How to Find Out If Your Mobile Health App Meets FTC Guidelines
Mobile health apps are popular and plentiful. From tracking your calorie count and heart rate to monitoring blood glucose levels and medication intake, it’s estimated there are more than 165,000 mHealth apps available, according to a study conducted by the IMS Institute for Healthcare Informatics. However, the rapidly growing number of mHealth apps can present an overwhelming choice for consumers. Which ones are really safe and accurate? While many mobile apps are low risk, those that could potentially cause harm require federal government review.
How do you know if the health-related app you’re working on—or using—falls under federal guidelines?
To help mobile app developers understand what federal laws and regulations they need to follow, the Federal Trade Commission has created a new web-based tool for developers of health-related mobile apps. It’s not meant to take the place of actual legal advice but to provide a snapshot of which federal laws might apply, from which source: the FTC Act, the FTC’s Health Breach Notification Rule, the Health Insurance Portability and Accountability Act (HIPAA), and the Federal Food, Drug and Cosmetics Act (FD&C Act).

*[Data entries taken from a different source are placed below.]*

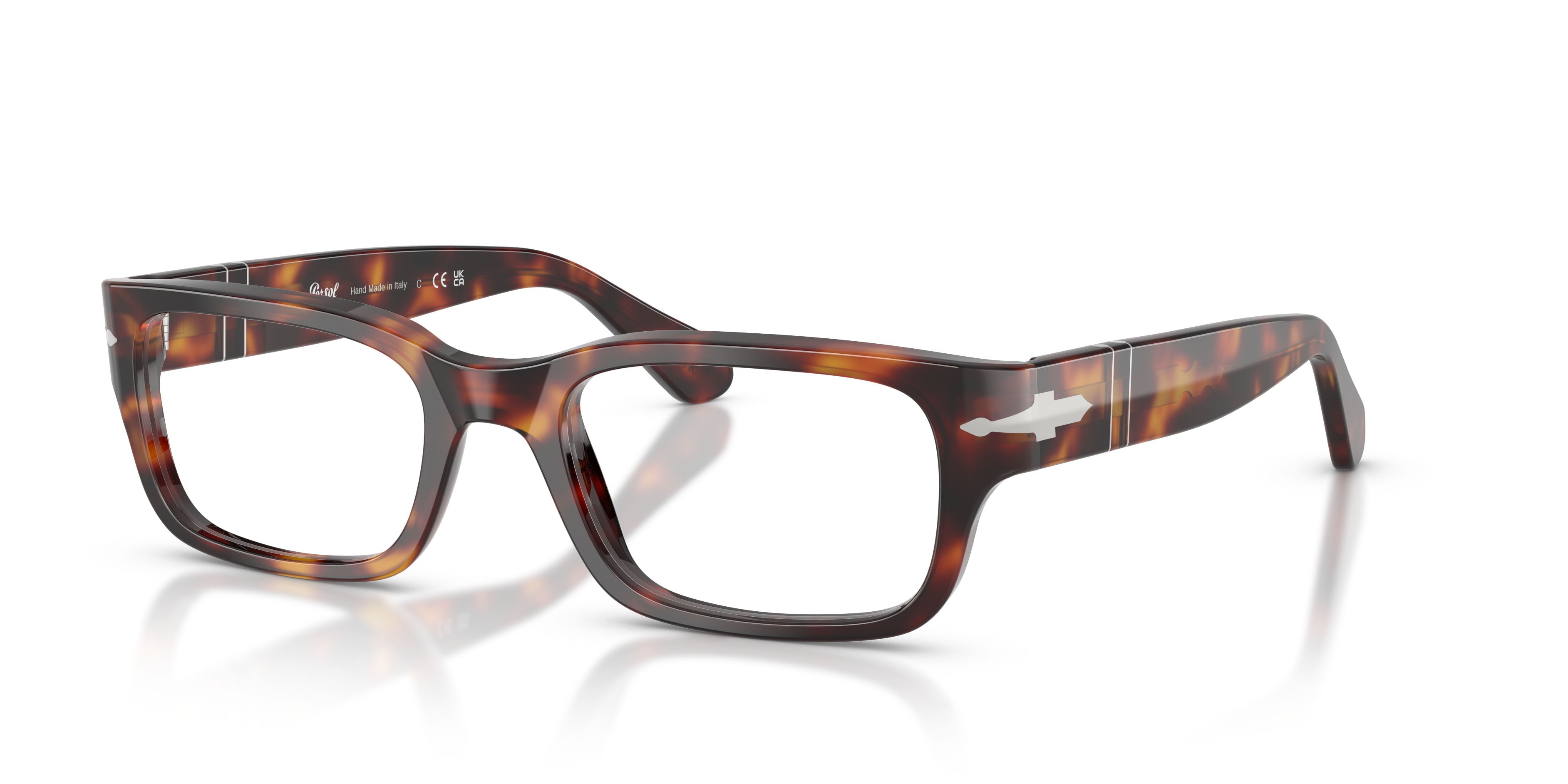 Eyeglasses Persol PO 3399V (24) color havana shape rectangle lenses lente demo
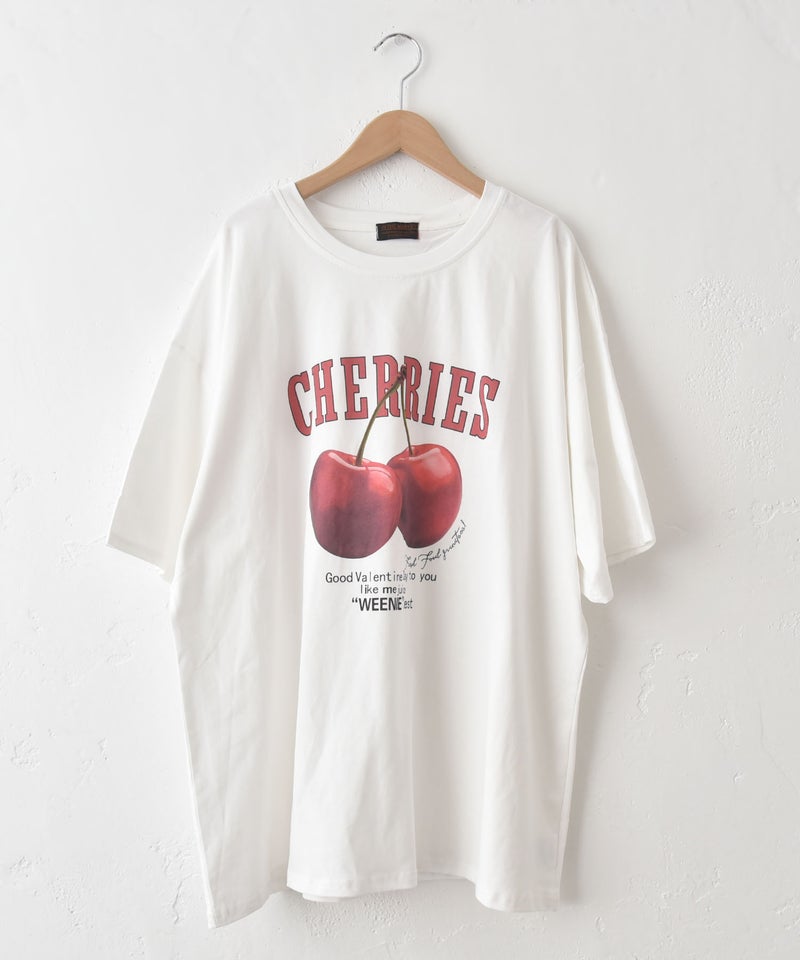  IN THE MARKET｜プリントBIG Tee (チェリー) [[71463021]][C]
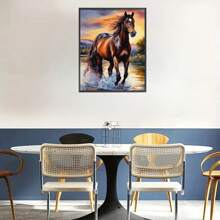 1 Set DIY 5D Diamond Painting - Majestic Galloping Horse At Sunset, 11.8x15.75 Inches Unframed Art | Full Round Diamond Drill And High-Quality Canvas | Vibrant Home Decor Craft For Beginners And Relaxation Enthusiasts - Multicolor - View 6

Here’s how it works: The tool asks developers the following ten high-level questions about their app. Based on the developer’s answers, the guidance will point toward detailed information about federal laws that might apply.

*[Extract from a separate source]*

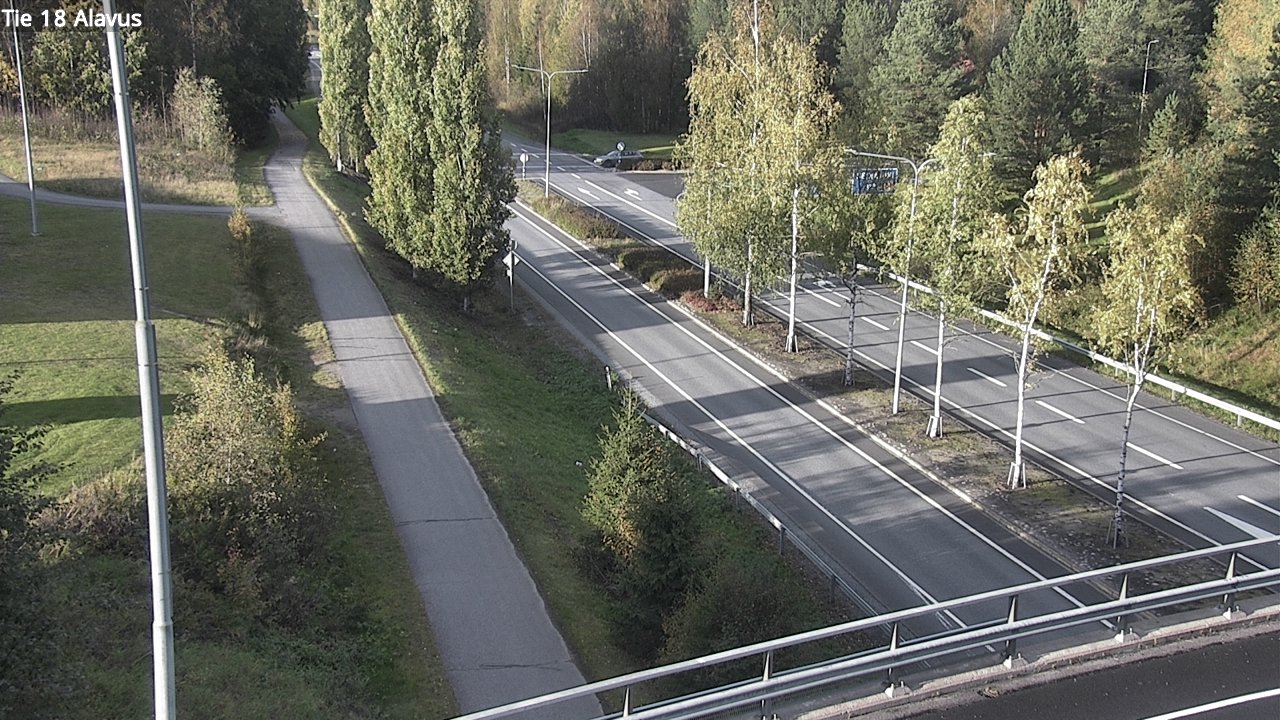 Weather Camera Image Väg 18 Alavo, Alavus, Etelä-Pohjanmaa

- Do you create, receive, maintain, or transmit identifiable health information?
- Are you a health care provider or health plan?

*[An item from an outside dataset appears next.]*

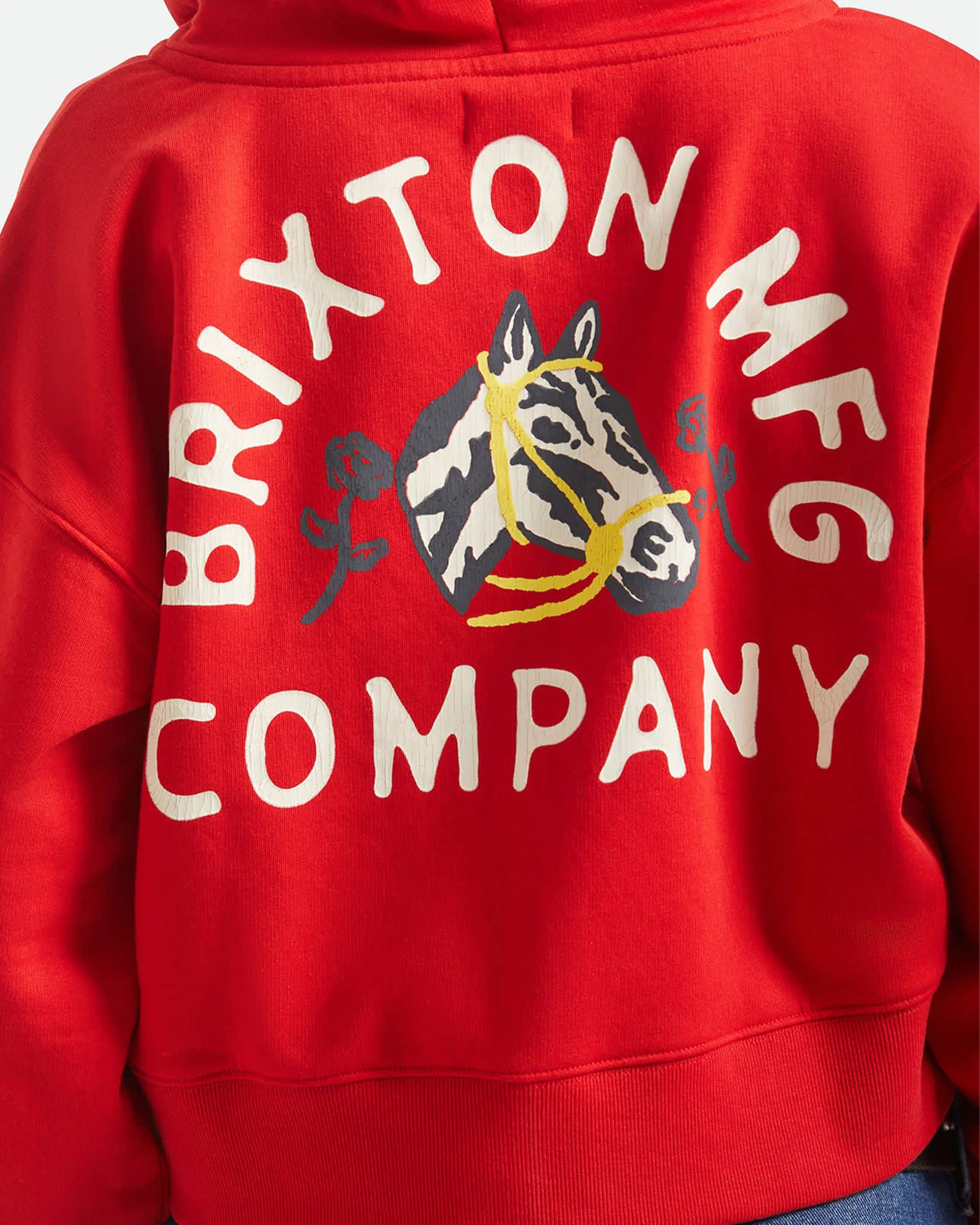 Women's Trophy Horse Cropped Zip Hood - Adrenaline Rush - Image 5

- Do consumers need a prescription to access your app?
- Are you developing this app on behalf of a HIPAA covered entity (such as a hospital, doctor’s office, health insurer, or health plan’s wellness program)?
- Is your app intended for use in the diagnosis of disease or other conditions, or in the cure, mitigation, treatment or prevention of disease?
- Does your app pose “minimal risk” to a user?
- Is your app a “mobile medical app?
- Are you a nonprofit organization?
- Are you developing this app as or on behalf of a HIPAA covered entity (such as a hospital, doctor’s office, health insurer, or health plan’s wellness program)?
- Do you offer health records directly to consumers (or do you interact with or offer services to someone who does)?
Since health information is also highly sensitive, the FTC also issued a new best practices primer on building privacy and security into health apps.